Povo Pankararu [Pankararu People]
Sonhos de Semiárido - Brás Moreau Antunes
Erosão de terra, galhar de imburana, couro de calango, íris de cobra, brotar de um rio efêmero. Mesmo na fina tez de um espinho, na agulha de um mandacaru, no fio da pena da maritaca, no sedimento de cascalho, o fractal pode ser visto.

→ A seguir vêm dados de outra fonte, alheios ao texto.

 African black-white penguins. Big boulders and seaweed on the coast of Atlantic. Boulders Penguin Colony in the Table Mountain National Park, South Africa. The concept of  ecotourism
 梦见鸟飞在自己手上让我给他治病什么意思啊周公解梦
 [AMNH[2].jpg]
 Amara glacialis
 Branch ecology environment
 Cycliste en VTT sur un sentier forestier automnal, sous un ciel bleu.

O olhar aproximado pode perceber que as formas naturais têm uma característica fundamental: a de correspondência entre o micro e o macro. Nas manifestações de vida, nos fenômenos geológicos, nos corpos celestiais, se mantêm uma relação própria de escala e arranjo - não importa o prisma, o grau de proximidade, mesmo que a sua aparência mude ligeiramente, enquanto não se atingem os limites da matéria. Por exemplo, se aproximar na visão das linhas da palma da mão revela que estas são compostas por centenas de outras linhas, que por sua vez são compostas por centenas de outras. Num extremo, já deixamos de ter como objeto o tecido de uma mão e sim as células vivas, suas organetas, uma membrana, uma fita de DNA, e até nestes podemos observar padrões que se repetem fragmentados.

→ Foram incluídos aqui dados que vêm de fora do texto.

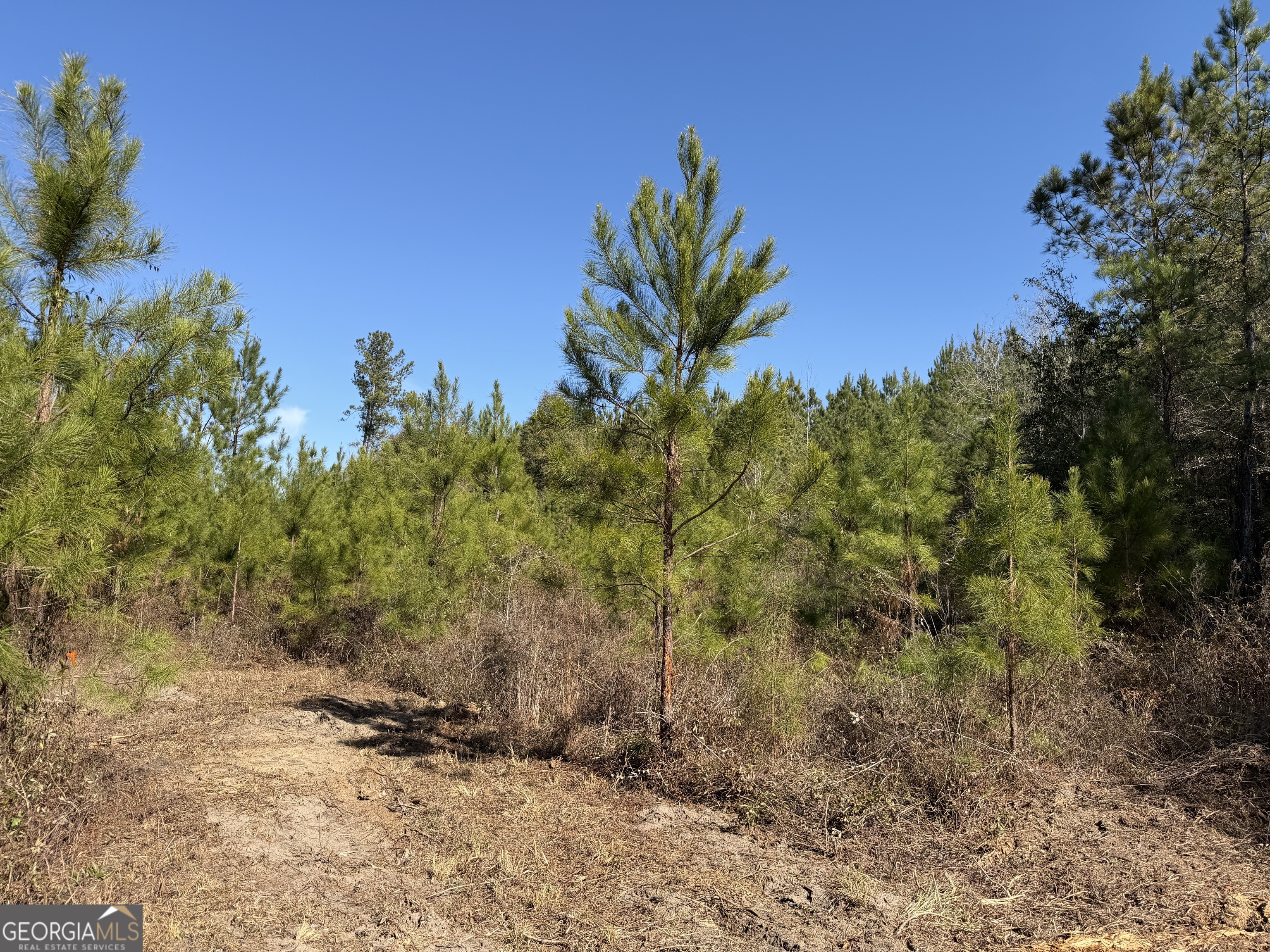 8 Sealy Wells Road Gordon, AL 36343 - Photo 1 of 10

E mapeando esses padrões, as dimensões podem ser fraturadas para quantizar a natureza, a bruteza (roughness) das coisas. A superfície do mar com ondas, por exemplo, ao lado da Casa Rosa, pode ser calculada numa dimensão de aproximadamente 2,3. Já no Porto da Barra, deve estar pelos 2,1.
Só que essa numerização é terrivelmente cerceadora. O mundo e seus fenômenos não pertencem a uma grade. A terra não cabe nos seus mapas e fronteiras. A vida e sua matéria está em constante mutação. O planeta pode muito bem estar expandindo, ao invés de nos puxando para baixo.
Pertencente a essa vanguarda de expansão, de alcance origi-nário, Aistan Pankararu produziu os dez quadros aqui expostos já residente de Salvador, após um longo período morando em diferentes regiões do Brasil. Esta mostra se formou enquanto desejo de celebração de um trabalho sublime, no indefinível entre figurativo e abstrato, entre planos, linhas e pontos. Um conjunto de obras cheias de vida, fruto de um processo desencadeado por reencontros e encantamentos, de uma paisagem afetiva e também de compartilhar essa possibilidade de sonho. Porque a diferença entre existir e ser, esse ímpeto anti-inércia, aparece nesta sinfonia cósmica como um banho de cores vibrantes, irrompendo com a liberdade de uma chuva no sertão.
A experimentação através de mais do que um olhar aprisionante.
A diversidade de formas e signos com os quais o artista compõe sua obra revela uma intimidade - não só com os padrões da natureza, com o movimento das formas vivas, com o uso dos artifícios artísticos e de composição, mas com o seu próprio caminho. Mergulhar em uma obra de Aislan é transitar entre o paisagístico, o microscópico, o pessoal e o espiritual.
Talvez a fracturação da natureza não seja o melhor caminho para entender a existência. Talvez o inalcançável precise ser abraçado.
Talvez o branco precise aprender a perder espaço para as cores.
Opostos aos que se detêm na obsessão de destruir o mistério, ainda há os que se debruçam sobre sonhá-lo.